When you do async work, you have to schedule IO and then poll for it. This[1] is an example of doing that in epoll in straight C. Polling involves more calls into the kernel to tell it what events to look for, and then the application has to branch through different possible events.

And you can't avoid this if you want to manage IO asynchronously. If you use synchronous IO in threading or processes, you're still constructing threads or processes. (Which makes sense if you needed them anyway.)

So unless an interpreter builds its synchronous calls on top of async, sync necessarily has less involvement with both the kernel and interpreter.

The reason the interpreter matters is because the latency picture of async is very linear:

* event loop wakes up task * interpreter processes application code * application wants to open / read / write / etc * interpreter processes stdlib adding a new task * event loop wakes up IO task * interpreter processes stdlib checking on task * kernel actually checks on task

Since an event loop is a single-threaded operation, each one of these operations is sequential. Your maximum throughput, then, is limited by the interpreter being able to complete IO operations as fast as it is asked to initiate them.

I'm not familiar enough with it to be certain, but Node may do much of that work in entirely native code. Python is likely slow because it implements the event loop in python[3].

So, not only is Python's interpreter slower than Node's, but it's having to shuffle tasks in the interpreter. If Node is managing a single event loop all in low level code, that's less work it's doing, and even if it's not, Node can JIT-compile some or all of that interpreter work.

[1]: https://github.com/o0myself0o/epoll/blob/master/epoll.c

[2]: https://www.programminglogic.com/example-of-client-server-pr...

[3]: https://github.com/python/cpython/blob/3.8/Lib/asyncio/unix_...

1 comments

crimsonalucard1 2203 days ago

>If you say IO is the bottleneck, then you're claiming there is no significant difference between python and node.
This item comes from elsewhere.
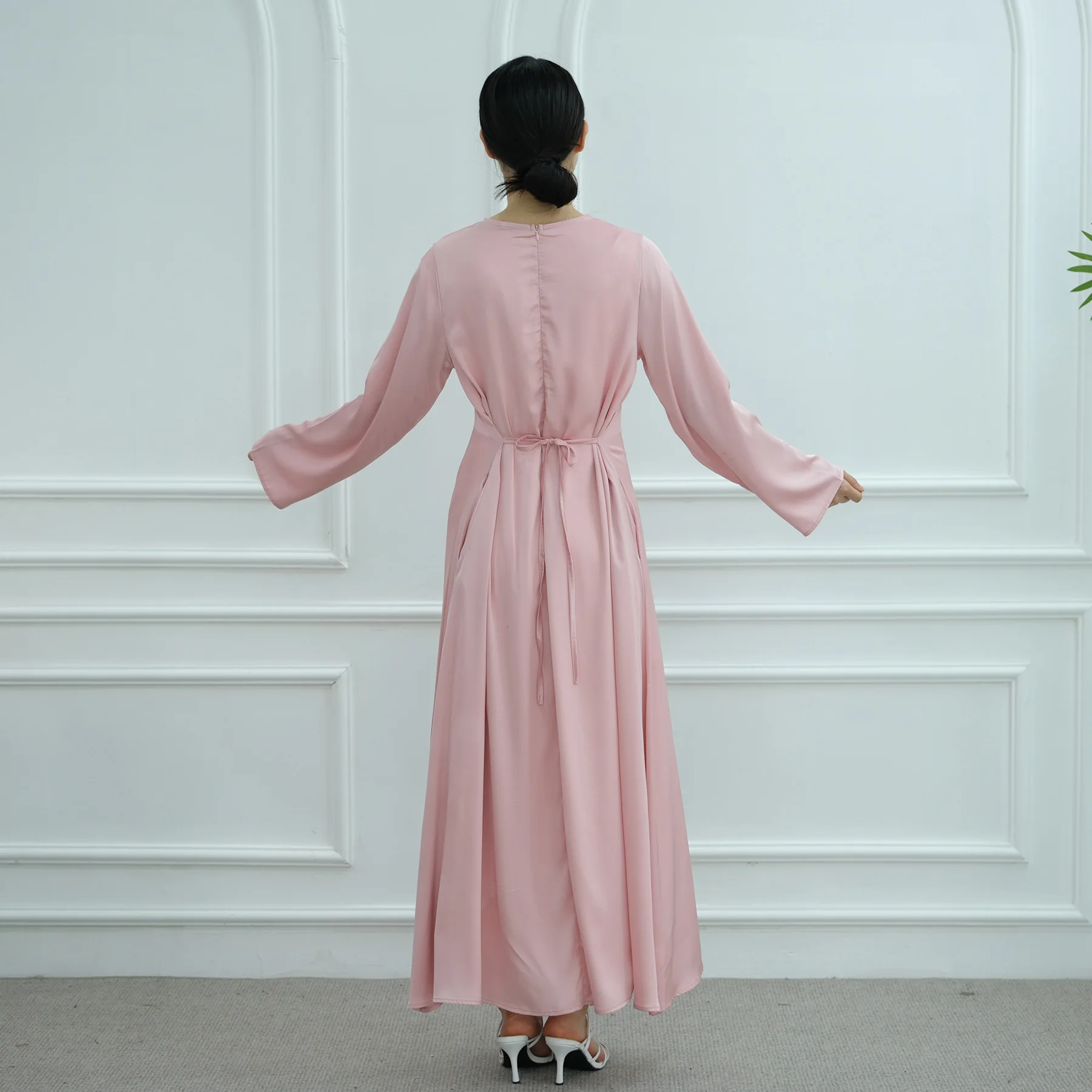 

Eid Mubarak Plain Abaya With Belt Muslim Maxi Dresses Women Modest Simple Dress Eid Ramadan Islamic Clothing Musulman Djellaba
That's what a bottleneck means.

This is my claim that this SHOULD be what's happening under the obvious logic that tasks handled in parallel to IO should be faster then tasks handled sequentially and under the assumption that IO takes up way more time then local processing.
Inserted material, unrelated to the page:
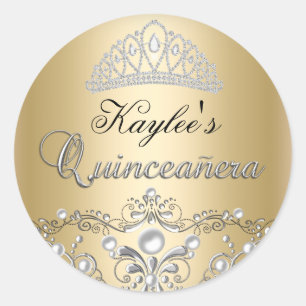 Silver & Gold Damask Pearl Quinceanera Sticker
Like I said the fact that this is NOT happening within the python ecosystem and assuming the axioms above are true, then this indicates a flaw that is python specific.

>The reason the interpreter matters is because the latency picture of async is very linear:

I would say it shouldn't matter if done properly because the local latency picture should be a fraction of the time when compared to round trip travel time and database processing.

>Python is likely slow because it implements the event loop in python

Yeah, we're in agreement. I said it was a python specific problem.

If you take a single task in this benchmark for python. And the interpreter spends more time processing the task locally then the total Round trip travel time and database processing time... Then this means the database is faster than python. If database calls are faster then python then this is a python specific issue.